- Task to carry out: Among the lines below, a stretch begins at the one with "26 Briar Ln, Nutley, NJ 07110 - #1" and ends at the one with "VALLOIRE RESERVATIONS SALON". Repeat that stretch exactly, ends included.

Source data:
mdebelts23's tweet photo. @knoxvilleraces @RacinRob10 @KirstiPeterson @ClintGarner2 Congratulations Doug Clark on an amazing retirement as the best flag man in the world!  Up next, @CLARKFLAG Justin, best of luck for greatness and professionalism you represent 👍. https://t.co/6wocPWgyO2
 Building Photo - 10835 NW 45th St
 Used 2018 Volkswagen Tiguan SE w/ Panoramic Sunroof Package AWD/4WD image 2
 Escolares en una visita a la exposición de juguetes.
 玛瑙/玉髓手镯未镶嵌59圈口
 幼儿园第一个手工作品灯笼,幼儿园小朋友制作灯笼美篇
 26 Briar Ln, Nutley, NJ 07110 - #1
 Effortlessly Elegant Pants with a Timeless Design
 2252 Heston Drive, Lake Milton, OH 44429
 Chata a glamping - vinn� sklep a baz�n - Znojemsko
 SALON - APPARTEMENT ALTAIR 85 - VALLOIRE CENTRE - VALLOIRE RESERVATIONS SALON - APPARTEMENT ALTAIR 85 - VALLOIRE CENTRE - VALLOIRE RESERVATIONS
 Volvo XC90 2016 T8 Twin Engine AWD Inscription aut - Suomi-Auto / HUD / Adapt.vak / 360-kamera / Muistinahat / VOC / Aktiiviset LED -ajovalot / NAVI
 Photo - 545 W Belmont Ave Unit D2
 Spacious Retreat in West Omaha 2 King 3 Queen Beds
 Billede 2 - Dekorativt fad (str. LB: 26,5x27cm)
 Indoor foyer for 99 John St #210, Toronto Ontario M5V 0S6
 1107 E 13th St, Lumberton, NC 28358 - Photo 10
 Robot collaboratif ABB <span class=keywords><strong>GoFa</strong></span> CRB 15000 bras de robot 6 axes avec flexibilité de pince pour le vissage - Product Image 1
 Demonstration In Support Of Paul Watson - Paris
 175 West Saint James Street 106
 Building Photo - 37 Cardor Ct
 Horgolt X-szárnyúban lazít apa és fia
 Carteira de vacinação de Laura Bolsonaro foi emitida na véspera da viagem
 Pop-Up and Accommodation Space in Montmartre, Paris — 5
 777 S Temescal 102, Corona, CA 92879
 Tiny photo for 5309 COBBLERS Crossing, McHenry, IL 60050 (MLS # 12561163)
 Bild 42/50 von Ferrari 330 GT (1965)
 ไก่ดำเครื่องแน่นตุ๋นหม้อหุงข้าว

- Output:
 26 Briar Ln, Nutley, NJ 07110 - #1
 Effortlessly Elegant Pants with a Timeless Design
 2252 Heston Drive, Lake Milton, OH 44429
 Chata a glamping - vinn� sklep a baz�n - Znojemsko
 SALON - APPARTEMENT ALTAIR 85 - VALLOIRE CENTRE - VALLOIRE RESERVATIONS SALON - APPARTEMENT ALTAIR 85 - VALLOIRE CENTRE - VALLOIRE RESERVATIONS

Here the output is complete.